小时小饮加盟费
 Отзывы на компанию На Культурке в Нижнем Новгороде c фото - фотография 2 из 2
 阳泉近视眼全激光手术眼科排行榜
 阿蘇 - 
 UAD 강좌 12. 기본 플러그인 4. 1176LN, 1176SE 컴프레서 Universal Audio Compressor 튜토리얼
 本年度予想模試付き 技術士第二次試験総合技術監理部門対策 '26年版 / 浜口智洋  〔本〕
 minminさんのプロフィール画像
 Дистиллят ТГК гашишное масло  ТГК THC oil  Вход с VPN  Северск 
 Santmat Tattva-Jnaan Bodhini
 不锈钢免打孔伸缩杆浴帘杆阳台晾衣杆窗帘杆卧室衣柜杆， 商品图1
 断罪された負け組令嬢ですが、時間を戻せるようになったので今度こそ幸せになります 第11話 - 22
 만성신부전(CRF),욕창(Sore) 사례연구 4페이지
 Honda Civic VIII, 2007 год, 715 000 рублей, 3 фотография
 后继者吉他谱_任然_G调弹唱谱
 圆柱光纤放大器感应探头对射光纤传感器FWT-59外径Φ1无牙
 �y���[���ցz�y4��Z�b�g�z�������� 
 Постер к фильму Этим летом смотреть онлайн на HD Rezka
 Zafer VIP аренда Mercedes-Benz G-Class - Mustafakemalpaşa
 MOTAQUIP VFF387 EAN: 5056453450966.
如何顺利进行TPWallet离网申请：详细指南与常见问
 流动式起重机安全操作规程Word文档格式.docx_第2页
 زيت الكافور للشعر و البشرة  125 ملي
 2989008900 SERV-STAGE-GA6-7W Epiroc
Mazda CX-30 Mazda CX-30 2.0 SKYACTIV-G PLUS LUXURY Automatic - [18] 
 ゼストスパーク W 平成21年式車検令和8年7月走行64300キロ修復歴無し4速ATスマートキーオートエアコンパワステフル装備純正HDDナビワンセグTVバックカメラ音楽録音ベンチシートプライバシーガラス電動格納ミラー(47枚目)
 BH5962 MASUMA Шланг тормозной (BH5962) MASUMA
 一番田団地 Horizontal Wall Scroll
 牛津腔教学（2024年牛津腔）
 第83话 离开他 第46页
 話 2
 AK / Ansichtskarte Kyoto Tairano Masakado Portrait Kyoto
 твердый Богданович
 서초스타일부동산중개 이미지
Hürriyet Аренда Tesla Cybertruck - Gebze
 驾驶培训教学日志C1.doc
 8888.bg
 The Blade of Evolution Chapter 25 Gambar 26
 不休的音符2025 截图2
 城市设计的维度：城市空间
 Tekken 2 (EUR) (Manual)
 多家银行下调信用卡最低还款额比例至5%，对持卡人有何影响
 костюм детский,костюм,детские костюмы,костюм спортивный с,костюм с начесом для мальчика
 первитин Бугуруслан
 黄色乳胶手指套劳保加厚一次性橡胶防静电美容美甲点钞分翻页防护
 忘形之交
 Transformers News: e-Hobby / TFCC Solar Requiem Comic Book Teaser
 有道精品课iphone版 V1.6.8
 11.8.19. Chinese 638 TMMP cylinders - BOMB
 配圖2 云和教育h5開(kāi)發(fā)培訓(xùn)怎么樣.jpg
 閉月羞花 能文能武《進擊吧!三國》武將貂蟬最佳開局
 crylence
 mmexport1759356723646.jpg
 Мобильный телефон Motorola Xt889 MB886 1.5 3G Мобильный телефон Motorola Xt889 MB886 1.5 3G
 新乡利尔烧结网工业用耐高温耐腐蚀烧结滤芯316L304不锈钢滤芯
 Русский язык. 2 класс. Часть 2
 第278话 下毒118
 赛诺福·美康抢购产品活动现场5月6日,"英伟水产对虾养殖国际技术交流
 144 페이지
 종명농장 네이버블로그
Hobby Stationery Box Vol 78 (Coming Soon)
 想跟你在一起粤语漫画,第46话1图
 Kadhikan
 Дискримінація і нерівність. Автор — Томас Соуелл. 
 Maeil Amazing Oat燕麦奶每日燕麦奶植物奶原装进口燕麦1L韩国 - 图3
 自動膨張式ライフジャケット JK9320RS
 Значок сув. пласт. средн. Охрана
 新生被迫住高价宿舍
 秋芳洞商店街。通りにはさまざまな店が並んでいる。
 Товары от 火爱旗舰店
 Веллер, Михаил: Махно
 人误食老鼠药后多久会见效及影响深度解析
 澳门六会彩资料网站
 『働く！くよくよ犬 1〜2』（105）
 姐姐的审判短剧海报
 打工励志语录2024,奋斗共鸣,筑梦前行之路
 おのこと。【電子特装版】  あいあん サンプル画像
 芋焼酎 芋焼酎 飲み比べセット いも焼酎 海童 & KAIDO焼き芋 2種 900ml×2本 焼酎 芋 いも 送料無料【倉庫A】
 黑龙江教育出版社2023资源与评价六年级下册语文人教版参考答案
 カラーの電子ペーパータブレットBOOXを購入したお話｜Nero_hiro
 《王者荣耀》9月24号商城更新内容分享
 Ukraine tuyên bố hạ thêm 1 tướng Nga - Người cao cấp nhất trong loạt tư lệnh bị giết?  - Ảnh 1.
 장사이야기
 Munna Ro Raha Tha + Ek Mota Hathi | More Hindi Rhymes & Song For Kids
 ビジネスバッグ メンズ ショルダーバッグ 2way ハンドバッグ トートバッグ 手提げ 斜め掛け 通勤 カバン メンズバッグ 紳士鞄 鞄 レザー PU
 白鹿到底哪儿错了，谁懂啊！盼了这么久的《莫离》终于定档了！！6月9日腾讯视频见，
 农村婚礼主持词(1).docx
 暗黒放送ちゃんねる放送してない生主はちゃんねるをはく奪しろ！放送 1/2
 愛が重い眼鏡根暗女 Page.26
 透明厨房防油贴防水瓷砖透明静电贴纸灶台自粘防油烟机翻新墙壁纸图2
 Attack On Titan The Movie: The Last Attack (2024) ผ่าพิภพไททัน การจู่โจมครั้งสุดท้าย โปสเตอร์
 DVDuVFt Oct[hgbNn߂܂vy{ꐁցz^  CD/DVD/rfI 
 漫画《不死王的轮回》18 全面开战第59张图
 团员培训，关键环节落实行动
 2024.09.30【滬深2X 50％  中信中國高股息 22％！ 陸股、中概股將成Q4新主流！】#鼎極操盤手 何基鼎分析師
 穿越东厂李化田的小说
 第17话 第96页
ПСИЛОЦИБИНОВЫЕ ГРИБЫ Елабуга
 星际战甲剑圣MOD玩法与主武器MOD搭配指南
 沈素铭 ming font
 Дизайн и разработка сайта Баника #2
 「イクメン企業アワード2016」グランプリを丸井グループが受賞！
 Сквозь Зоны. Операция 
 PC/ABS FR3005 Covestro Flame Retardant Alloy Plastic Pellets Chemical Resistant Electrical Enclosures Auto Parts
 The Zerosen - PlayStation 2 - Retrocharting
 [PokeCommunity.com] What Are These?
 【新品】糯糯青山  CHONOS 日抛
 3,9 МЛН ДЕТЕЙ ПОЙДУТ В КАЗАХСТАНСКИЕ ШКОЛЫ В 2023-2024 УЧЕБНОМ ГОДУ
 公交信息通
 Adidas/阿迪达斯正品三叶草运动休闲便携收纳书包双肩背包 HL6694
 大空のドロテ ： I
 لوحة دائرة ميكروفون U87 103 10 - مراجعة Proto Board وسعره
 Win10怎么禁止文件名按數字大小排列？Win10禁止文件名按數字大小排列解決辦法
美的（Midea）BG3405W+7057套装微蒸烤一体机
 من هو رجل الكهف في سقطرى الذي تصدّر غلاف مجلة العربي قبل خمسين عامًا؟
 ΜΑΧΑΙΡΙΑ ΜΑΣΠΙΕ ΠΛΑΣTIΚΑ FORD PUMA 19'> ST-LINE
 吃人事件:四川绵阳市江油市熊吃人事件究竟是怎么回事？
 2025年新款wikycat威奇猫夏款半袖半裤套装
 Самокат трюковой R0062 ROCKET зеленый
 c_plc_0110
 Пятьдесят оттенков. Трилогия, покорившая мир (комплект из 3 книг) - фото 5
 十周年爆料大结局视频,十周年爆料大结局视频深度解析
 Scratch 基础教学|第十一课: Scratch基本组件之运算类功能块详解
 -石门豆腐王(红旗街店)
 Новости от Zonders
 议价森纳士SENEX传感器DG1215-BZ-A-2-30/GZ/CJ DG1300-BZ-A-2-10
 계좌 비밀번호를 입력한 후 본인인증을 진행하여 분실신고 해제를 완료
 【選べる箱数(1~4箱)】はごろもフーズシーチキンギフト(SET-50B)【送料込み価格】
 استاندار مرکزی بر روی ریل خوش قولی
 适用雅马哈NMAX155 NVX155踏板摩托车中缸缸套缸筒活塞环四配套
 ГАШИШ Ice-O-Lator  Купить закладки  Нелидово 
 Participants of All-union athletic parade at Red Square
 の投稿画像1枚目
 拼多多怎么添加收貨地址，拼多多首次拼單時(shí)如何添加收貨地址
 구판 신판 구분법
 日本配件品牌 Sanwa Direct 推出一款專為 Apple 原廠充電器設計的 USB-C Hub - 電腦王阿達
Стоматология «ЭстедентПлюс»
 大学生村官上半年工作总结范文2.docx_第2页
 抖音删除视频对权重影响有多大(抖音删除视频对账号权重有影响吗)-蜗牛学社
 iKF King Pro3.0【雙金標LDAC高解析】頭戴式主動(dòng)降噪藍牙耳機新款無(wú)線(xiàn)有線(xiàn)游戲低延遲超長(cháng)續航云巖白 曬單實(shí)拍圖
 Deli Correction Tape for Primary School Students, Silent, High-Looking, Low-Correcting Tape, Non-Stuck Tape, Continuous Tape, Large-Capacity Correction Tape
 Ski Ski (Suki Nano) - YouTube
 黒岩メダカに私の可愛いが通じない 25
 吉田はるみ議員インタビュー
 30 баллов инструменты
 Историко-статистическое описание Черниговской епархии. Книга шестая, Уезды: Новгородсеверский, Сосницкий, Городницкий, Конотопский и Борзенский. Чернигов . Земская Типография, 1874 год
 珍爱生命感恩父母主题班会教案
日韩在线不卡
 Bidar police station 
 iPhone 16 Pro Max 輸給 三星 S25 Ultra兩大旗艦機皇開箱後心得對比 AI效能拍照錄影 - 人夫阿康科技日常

--------------------

For every line above with the word "Hobby" in it, make a copy.

Answer space:
 Transformers News: e-Hobby / TFCC Solar Requiem Comic Book Teaser
Hobby Stationery Box Vol 78 (Coming Soon)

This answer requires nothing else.